### Stored data ###

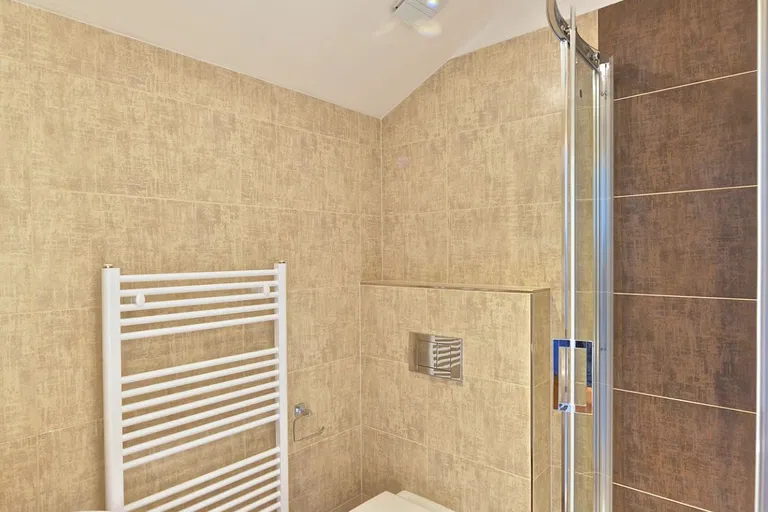 Náměstí Interbrigády, Bubeneč - Praha 6 | Pronájem, Byt, 4+kk, 128 m²
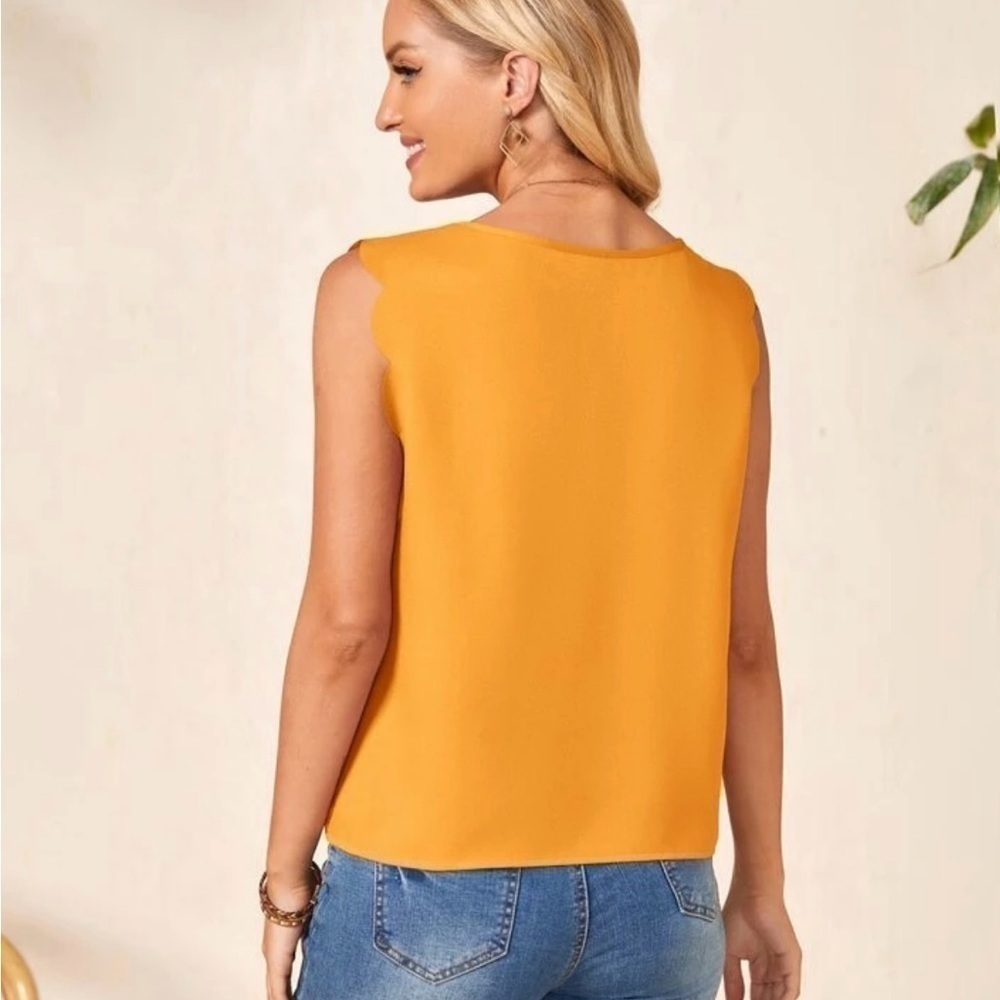 NWOT Women’s Scalloped Edge Neckline & Arms Blouse Sleeveless Med US 6 Mustard - Picture 3 of 10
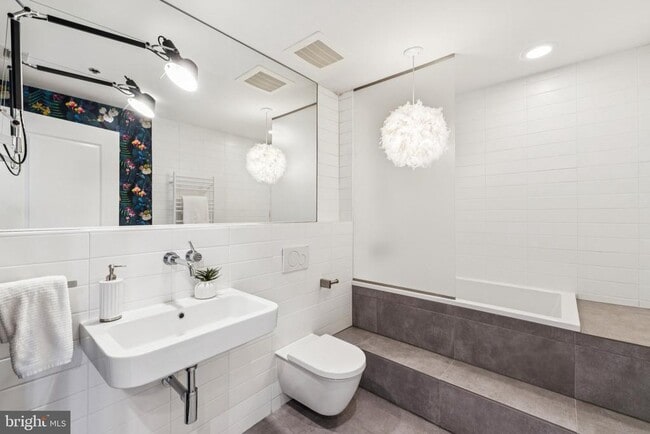 Building Photo - 2125 14th St NW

###

**Your goal:**
What is needed is the whole listing again, exactly as written, with the images left out.

**Response to this exercise:**
 Náměstí Interbrigády, Bubeneč - Praha 6 | Pronájem, Byt, 4+kk, 128 m²
 NWOT Women’s Scalloped Edge Neckline & Arms Blouse Sleeveless Med US 6 Mustard - Picture 3 of 10
 Building Photo - 2125 14th St NW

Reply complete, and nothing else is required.